TPUs are located in Google Cloud, for optimal performance, they read data directly from Google Cloud Storage (GCS)

## Data, model, and training

### Download data

Download *The Complete Works of William Shakespeare* as a single text file from [Project Gutenberg](https://www.gutenberg.org/). You use snippets from this file as the *training data* for the model. The *target* snippet is offset by one character.

In [0]:
!wget --show-progress --continue -O /content/lyrics.txt https://storage.googleapis.com/mr-lyrics-autocomplete-data/lyrics.txt

--2019-01-23 18:14:07--  https://storage.googleapis.com/mr-lyrics-autocomplete-data/lyrics.txt
Resolving storage.googleapis.com (storage.googleapis.com)... 74.125.202.128, 2607:f8b0:4001:c01::80
Connecting to storage.googleapis.com (storage.googleapis.com)|74.125.202.128|:443... connected.
HTTP request sent, awaiting response... 200 OK
Length: 7894384 (7.5M) [text/plain]
Saving to: ‘/content/lyrics.txt’


2019-01-23 18:14:08 (67.5 MB/s) - ‘/content/lyrics.txt’ saved [7894384/7894384]



### Build the data generator

In [0]:
import numpy as np
import six
import tensorflow as tf
import time
import os

# This address identifies the TPU we'll use when configuring TensorFlow.
TPU_WORKER = 'grpc://' + os.environ['COLAB_TPU_ADDR']

SHAKESPEARE_TXT = '/content/lyrics.txt'

tf.logging.set_verbosity(tf.logging.INFO)

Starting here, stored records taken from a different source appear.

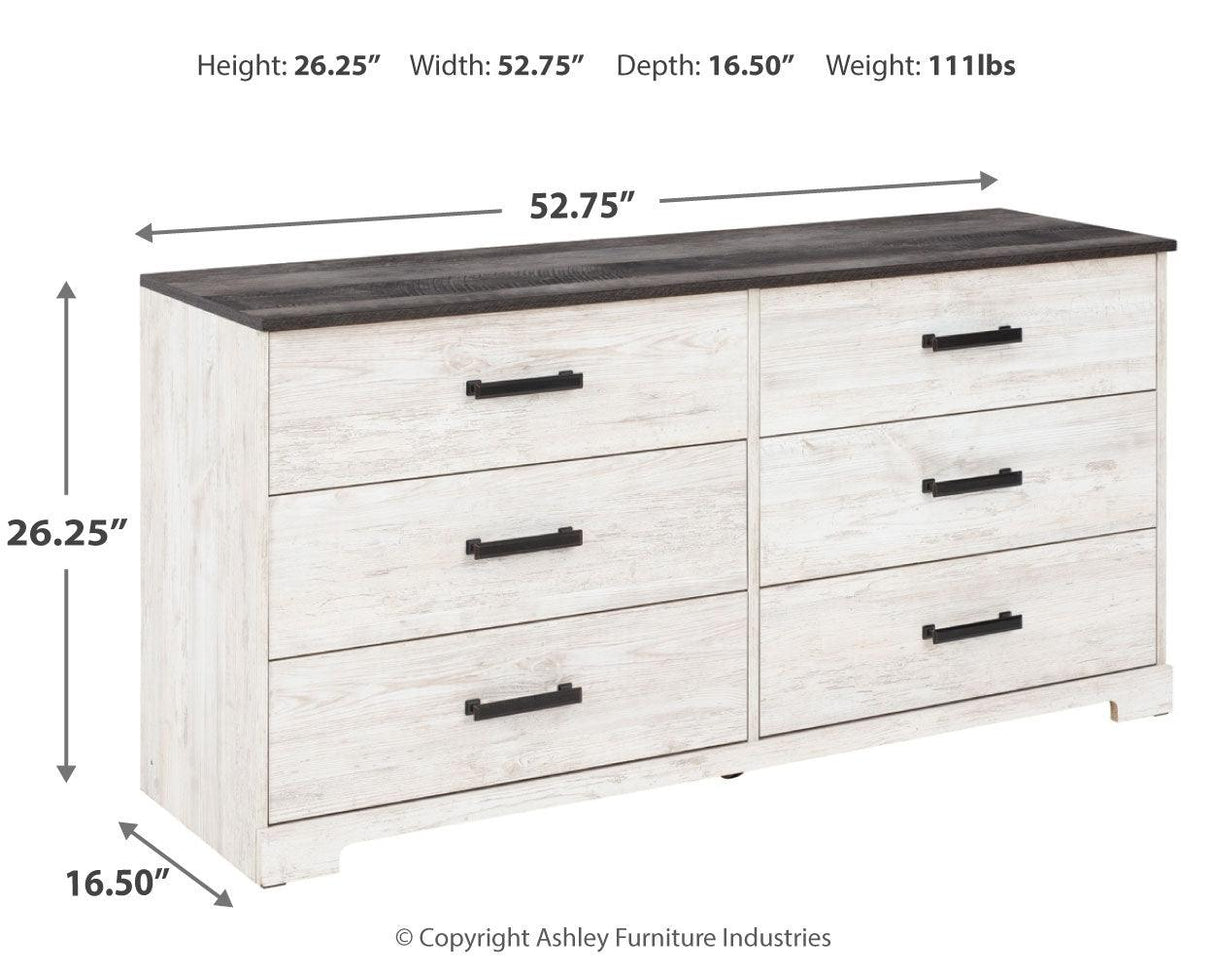 Shawburn Full Panel Headboard Bed with Dresser and 2 Nightstands in Whitewash by Ashley at Eve Furniture
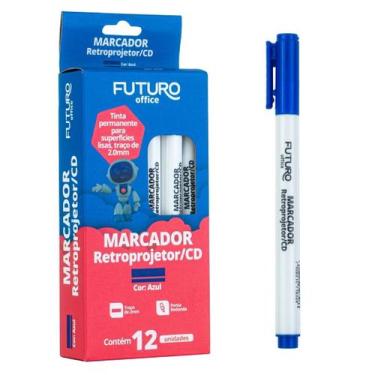 Imagem de Kit com 12 Unidades Caneta Marcador Permanente Retroprojetor 3mm - Fut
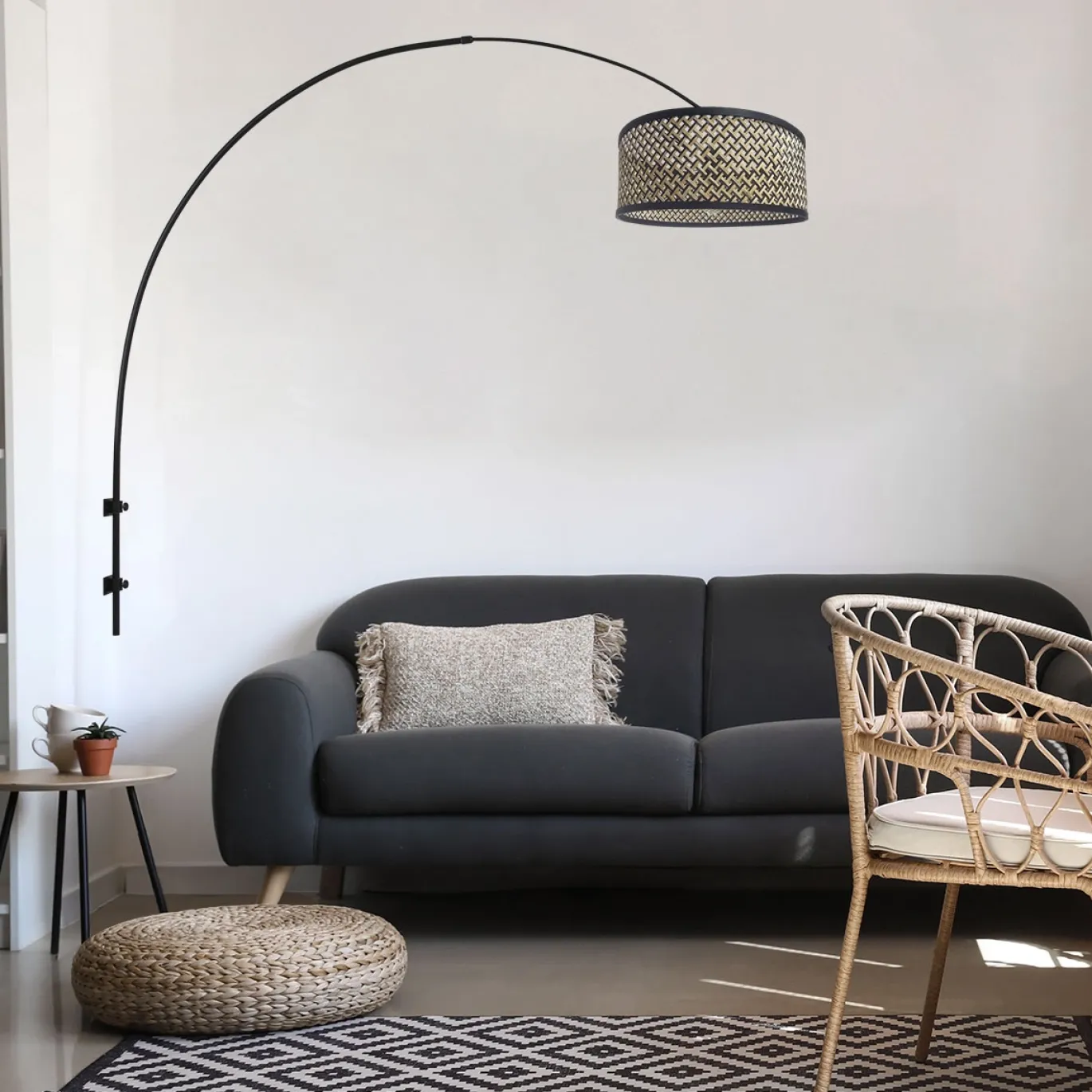 Steinhauer Boog Wandlamp Sparkled Light Zwart Bamboe Naturel/Zwart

def transform(txt, pad_to=None):
  # drop any non-ascii characters
  output = np.asarray([ord(c) for c in txt if ord(c) < 255], dtype=np.int32)
  if pad_to is not None:
    output = output[:pad_to]
    output = np.concatenate([
        np.zeros([pad_to - len(txt)], dtype=np.int32),
        output,
    ])
  return output

def training_generator(seq_len=100, batch_size=1024):
  """A generator yields (source, target) arrays for training."""
  with tf.gfile.GFile(SHAKESPEARE_TXT, 'r') as f:
    txt = f.read()

  tf.logging.info('Input text [%d] %s', len(txt), txt[:50])
  source = transform(txt)
  while True:
    offsets = np.random.randint(0, len(source) - seq_len, batch_size)

    # Our model uses sparse crossentropy loss, but Keras requires labels
    # to have the same rank as the input logits.  We add an empty final
    # dimension to account for this.
    yield (
        np.stack([source[idx:idx + seq_len] for idx in offsets]),
        np.expand_dims(
            np.stack([source[idx + 1:idx + seq_len + 1] for idx in offsets]),
            -1),
    )

six.next(training_generator(seq_len=10, batch_size=1))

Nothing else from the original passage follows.